In this Latin language publication, Pallas describes seven species of cats. The account of the mother cat and her hybrid kittens mentioned in my original blog entry appears in the section on Felis catus (the domestic cat). The 1831 description of the Felis manul also notes that the Manul can breed with domestic cats, possibly leading (Pallas speculated) to the development of the Angora cat. However, I was unable to find another illustration showing the Siamese-looking cat from the 1812 edition.
Then I started wondering about the shield design in the upper left corner of the picture. Whose coat of arms was it? Could that help to explain why a seemingly unrelated cat picture had appeared in this book by Pallas? A close-up image appears above.

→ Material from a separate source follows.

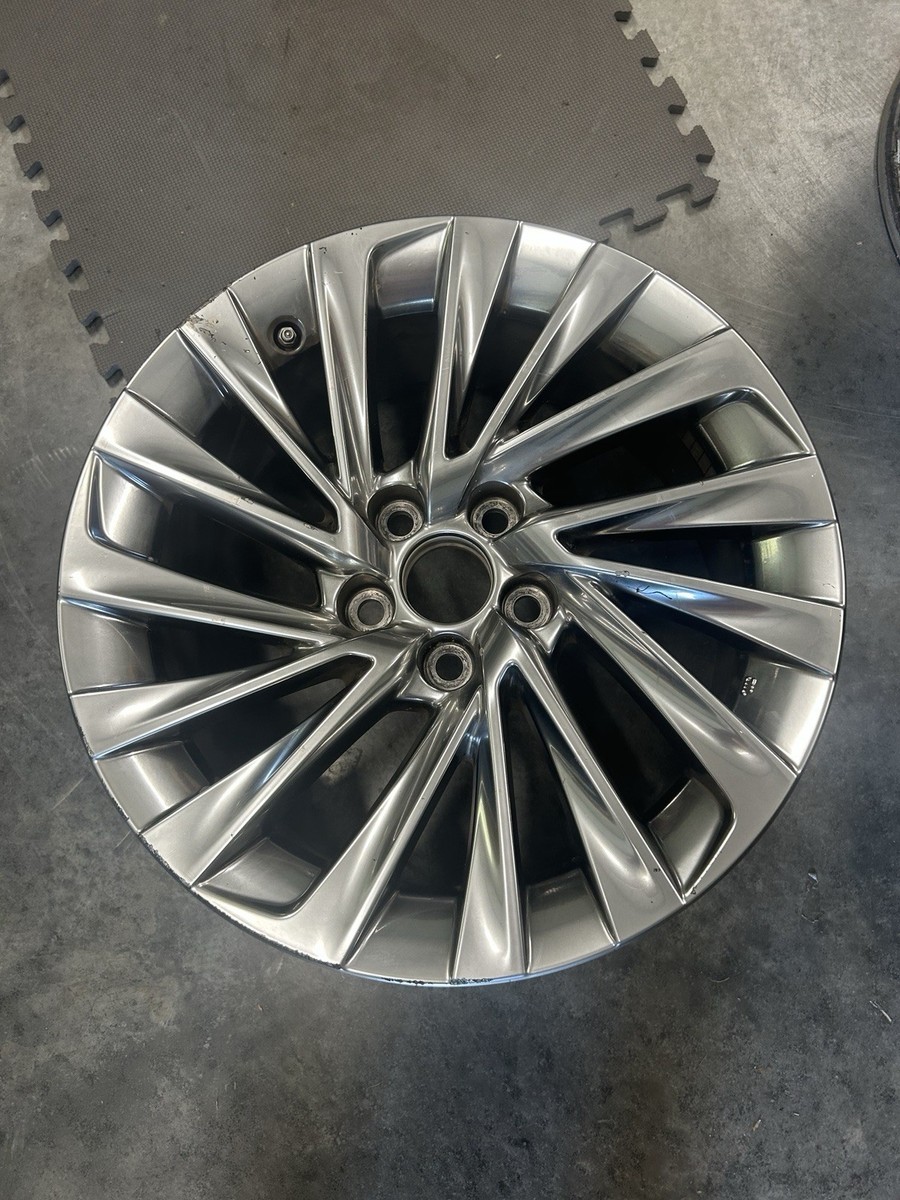 18” Lexus ES300H ES350 Alloy Wheel OEM Factory Rim | eBay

This coat of arms has three stacks of wheat (also known as "garbs"), each tied around the middle, above two crossed axes or halberds. Apparently this is not the crest of the Shedrinskoi family mentioned by Pallas as the owner of the estate where the hybrid cats lived. So I searched through various heraldry guides to see if I could find anything like it. The wheat-stack is a symbol used in some coats of arms for the county of Cheshire in England (as shown in online guides to Cheshire Heraldry). The arms of the Grosvenor family (including the Dukes of Westminster), whose ancestral home is in Cheshire, also have a wheat-stack. But why would there be a Cheshire connection to the Pallas book? Was it for a patron of Pallas? Can this specific coat of arms be identified, to shed more light on the mystery?
And now I'd like to throw out a challenge to the readers of this blog: can anyone figure out which family or place is associated with this coat of arms? Could the 1812 cat picture be an early image of the legendary Cheshire Cat, later immortalized in Lewis Carroll's novel, Alice's Adventures in Wonderland (1865), and more recently in the movie Alice in Wonderland (directed by Tim Burton, 2010)? Please help identify this coat of arms! The first ten who come up with a verifiable authentication for this coat of arms will receive a spiffy reproduction print of the image, suitable for framing.
Below are some more intersting Pallas Cat links:
Felis manul page from the Encyclopedia
Felis manul page from the Animal Diversity Web site (University of
Michigan Museum of Zoology)
Pallas Cat Study and Conservation Program (Siberian Environmental Center in Novosibirsk, Russia)
Manulomania (a Russian website featuring Pallas Cat photos: some serious, some silly)
Le Manul Facebook page for Pallas Cat fans
The contest is open to United States residents eighteen (18) years of age and older. Entries from outside the United States are welcome, but because of legal restrictions, prizes can only be awarded to United States residents.
Smithsonian Libraries staff will determine the best answers. One prize will be awarded to a maximum of ten winners. The winners will be notified and receive his/her prize by mail. All decisions of the Smithsonian Libraries are final.
By accepting the prize, winners consent to use of their name by the Libraries for promotional purposes without further consideration, except where prohibited by law.
Prize: An 8" x 10" unframed photographic reproduction print of the Pallas Cat, from the Libraries collections.